Use of pseudorandom number generator 'random' at __netconfig_generate_random_bytes().
It's bad to use this function for crypto purposes.
So we modified to use /dev/urandom instead of random().

Change-Id: If2468a432a04387a3ede4497011cdba1f73aff15
Signed-off-by: Jaehyun Kim <jeik01.kim@samsung.com>

diff --git a/src/wifi-key-encryption.c b/src/wifi-key-encryption.c
index a34ac97..13391d3 100755 (executable)
--- a/src/wifi-key-encryption.c
+++ b/src/wifi-key-encryption.c
@@ -18,6 +18,9 @@
  */
 
 #include <stdlib.h>
+#include <sys/types.h>
+#include <sys/stat.h>
+#include <fcntl.h>
 #include <glib.h>
 #include <ckmc/ckmc-type.h>
 #include <ckmc/ckmc-manager.h>
@@ -30,6 +33,7 @@
 #define KEY_ALIAS      "connman_wifi_passphrase"
 #define IV_ALIAS       "connman_wifi_enciv"
 #define AAD_ALIAS      "connman_wifi_gcmaad"
+#define URANDOM                "/dev/urandom"
 
 #define PASSPHRASE     "Passphrase"
 #define RND_LENGTH     32
@@ -47,15 +51,33 @@ static char* err_str;
 static int err;
 
 
-static void __netconfig_generate_random_bytes(unsigned char* bytes, int len)
+static int __netconfig_generate_random_bytes(unsigned char* bytes, int len)
 {
-       int i = 0;
-
-       srandom(time(NULL));
-
-       while (len--)
-               bytes[i++] = (unsigned char)random();
+       int urfd = -1;
+       int r;
+
+       if (len <= 0)
+               return 0;
+
+       urfd = open(URANDOM, O_RDONLY);
+       if (urfd < 0) {
+               ERR("Could not open "URANDOM);
+               return 0;
+       } else {
+               r = read(urfd, bytes, len);
+               if (r < 0) {
+                       ERR("Could not read from "URANDOM);
+                       close(urfd);
+                       return 0;
+               } else if (r != len) {
+                       ERR("Short read from "URANDOM);
+                       close(urfd);
+                       return 0;
+               }
+       }
 
+       close(urfd);
+       return 1;
 }
 
 static void __netconfig_convert_hexstr_to_bytes(gchar* hexstr, int hlen, gchar* bin)
@@ -110,7 +132,8 @@ static void*  __netconfig_set_param_list_aes_gcm(ckmc_param_list_h param)

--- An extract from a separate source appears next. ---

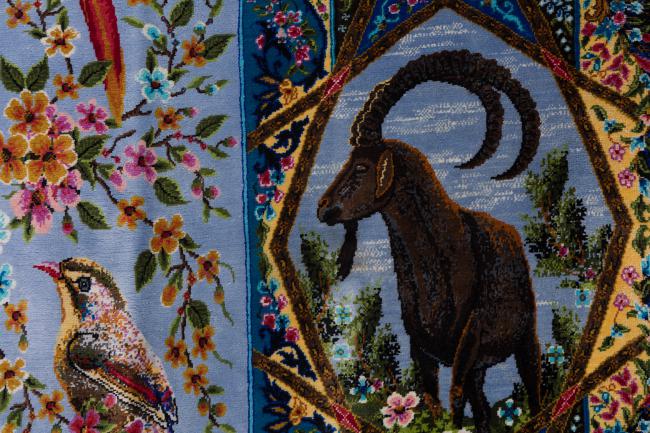 Ghom Selyem Signed Persian - 7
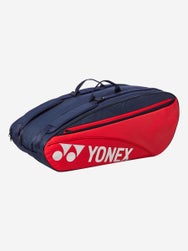 Borsa da 9 racchette Yonex Team Rosso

                policy.extractable = true;
                policy.password = NULL;
 
-               __netconfig_generate_random_bytes(rnd, RND_LENGTH);
+               if (!__netconfig_generate_random_bytes(rnd, RND_LENGTH))
+                       return NULL;
 
                CKMC_ERROR_HANDLING(
                                ckmc_buffer_new(rnd, RND_LENGTH, &iv_buf),
@@ -128,7 +151,10 @@ static void*  __netconfig_set_param_list_aes_gcm(ckmc_param_list_h param)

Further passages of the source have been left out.